Cost of Downtime Index
How do you decide how much to spend to keep things running? You do it by creating a metric that functions on your real business data, the cost of your down time.
The Cost of Downtime Index (CoDI) is a valuable tool to help you decide how pro-active you should be with your approach to keeping your Information Technology working as expected.
Your CoDI should include the following costs:
- Wages, utilities, lease and footprint expenses.
- Stress that impacts employee retention.
- Lost productivity.
- Missed opportunities.
- Reputation damage.
Below is an example cost of downtime metric calculation for illustration from a real local business:
- 180 hours of production time per month (45 per week), at $25,000 in revenue per week, or $556 per hour over 180 hours of production per month.
- $20,000 per month for lease and utilities, works out to $112 per hour over 180 production hours per month.
- Reputation damage is important to them because they have several large regular customers, so they value the reputation impact at $100 per hour.
Their Cost of Downtime Index is $768 per hour.
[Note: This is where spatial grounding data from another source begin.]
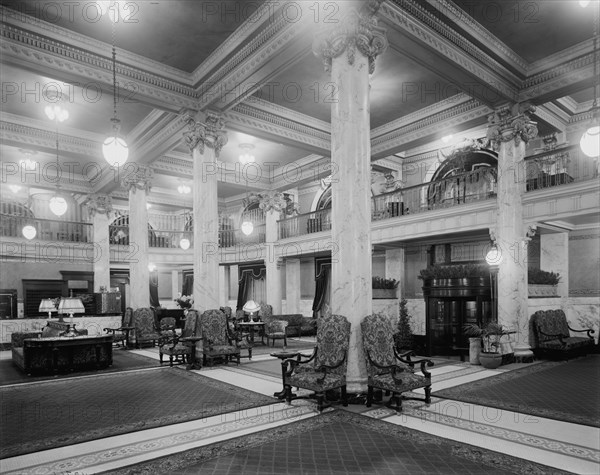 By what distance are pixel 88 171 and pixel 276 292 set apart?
8227 mm

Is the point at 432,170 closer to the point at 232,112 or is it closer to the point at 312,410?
the point at 232,112

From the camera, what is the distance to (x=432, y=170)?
46.6 feet

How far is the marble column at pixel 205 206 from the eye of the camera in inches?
372

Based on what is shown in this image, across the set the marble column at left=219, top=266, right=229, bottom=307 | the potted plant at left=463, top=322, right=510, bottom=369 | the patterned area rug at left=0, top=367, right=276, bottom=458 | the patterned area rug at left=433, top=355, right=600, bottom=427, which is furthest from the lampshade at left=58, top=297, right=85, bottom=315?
the marble column at left=219, top=266, right=229, bottom=307

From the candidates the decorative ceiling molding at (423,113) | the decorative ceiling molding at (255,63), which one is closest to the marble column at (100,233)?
the decorative ceiling molding at (255,63)

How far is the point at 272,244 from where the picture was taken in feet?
56.7

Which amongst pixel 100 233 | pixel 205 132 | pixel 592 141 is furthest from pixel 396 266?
pixel 100 233

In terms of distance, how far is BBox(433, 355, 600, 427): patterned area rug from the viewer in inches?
213

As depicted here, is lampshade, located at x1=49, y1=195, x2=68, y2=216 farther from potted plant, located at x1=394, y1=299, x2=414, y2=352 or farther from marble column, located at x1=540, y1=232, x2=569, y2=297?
marble column, located at x1=540, y1=232, x2=569, y2=297

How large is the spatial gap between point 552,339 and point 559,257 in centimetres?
261

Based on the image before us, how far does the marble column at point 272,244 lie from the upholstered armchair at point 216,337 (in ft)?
25.7

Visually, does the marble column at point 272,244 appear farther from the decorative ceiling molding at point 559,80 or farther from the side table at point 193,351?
the decorative ceiling molding at point 559,80

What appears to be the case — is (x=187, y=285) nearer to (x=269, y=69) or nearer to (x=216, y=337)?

This means a three day outage where they have no server or internet access will cost $20,700, a potential cost they use to justify investing an additional $10,000 per year to prevent outages and normalize them when they can't be prevented. One of the ways you prevent unplanned outages is by monitoring your computers for pending failure conditions, and doing regular maintenance on both the hardware and software to keep your systems running as expected.